To do: Restate word for word only the lines from the one with "5 FT tall artificial" through the end of the records; no pictures belong in the copy.

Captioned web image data
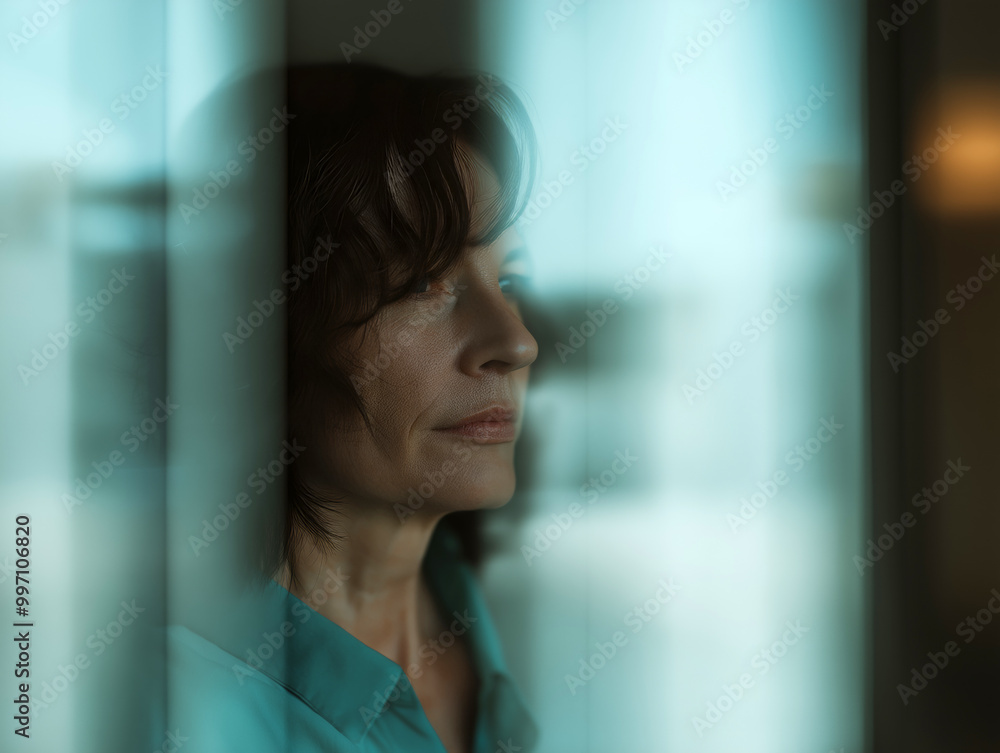 Reflective portrait of a woman gazing out of a window, surrounded by soft natural light, conveying introspection and solitude Reflective portrait of a woman gazing out of a window, surrounded by soft natural light, conveying introspection and solitude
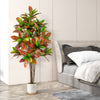 5 FT tall artificial croton plant featuring colorful gradient leaves and realistic moss, ideal for stylish home decor.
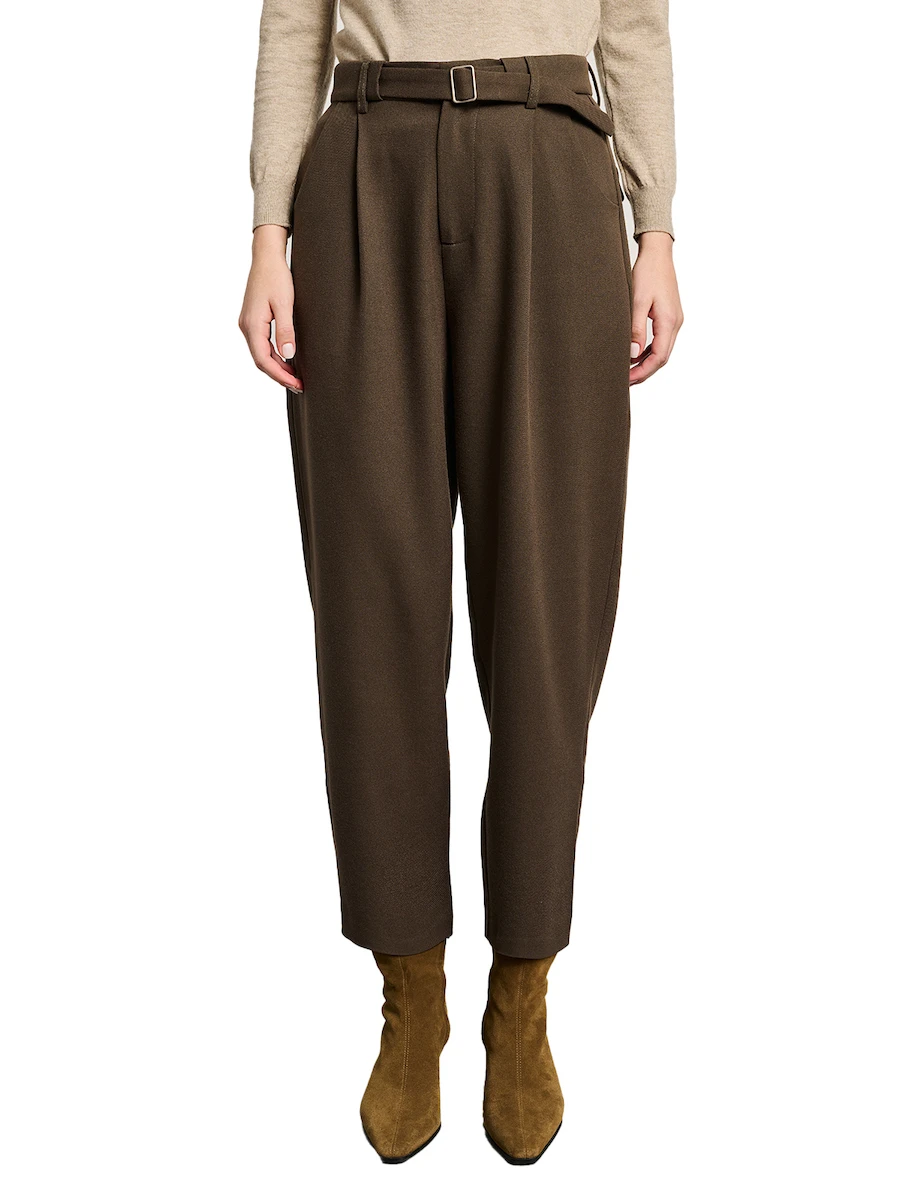 Γυναικείο Ψηλόμεσο Παντελόνι Με Ζώνη Καφέ STAFF GALLERY 60-005.054.Ν0005 - Image 1
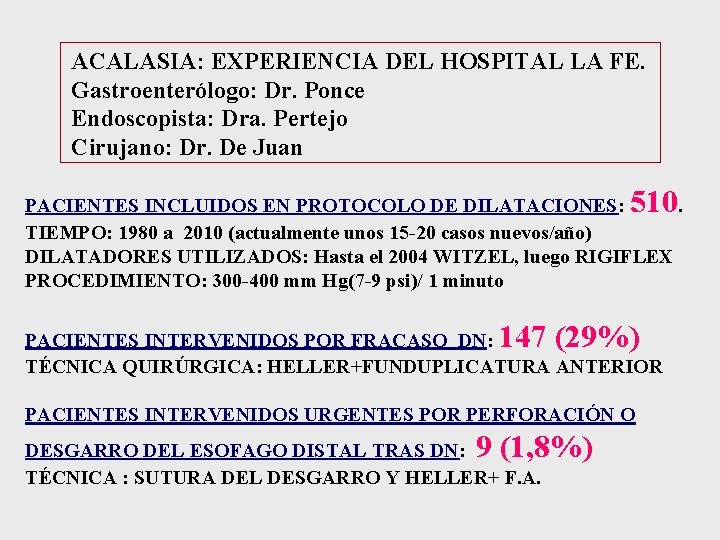 ACALASIA: EXPERIENCIA DEL HOSPITAL LA FE. Gastroenterólogo: Dr. Ponce Endoscopista: Dra. Pertejo Cirujano: Dr.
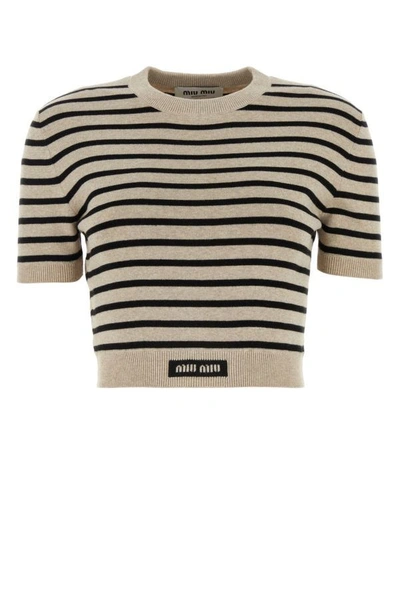 Miu Miu Striped Short Sleeved Knitted Top In Multicolor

Response to the exercise:
 5 FT tall artificial croton plant featuring colorful gradient leaves and realistic moss, ideal for stylish home decor.
 Γυναικείο Ψηλόμεσο Παντελόνι Με Ζώνη Καφέ STAFF GALLERY 60-005.054.Ν0005 - Image 1
 ACALASIA: EXPERIENCIA DEL HOSPITAL LA FE. Gastroenterólogo: Dr. Ponce Endoscopista: Dra. Pertejo Cirujano: Dr.
 Miu Miu Striped Short Sleeved Knitted Top In Multicolor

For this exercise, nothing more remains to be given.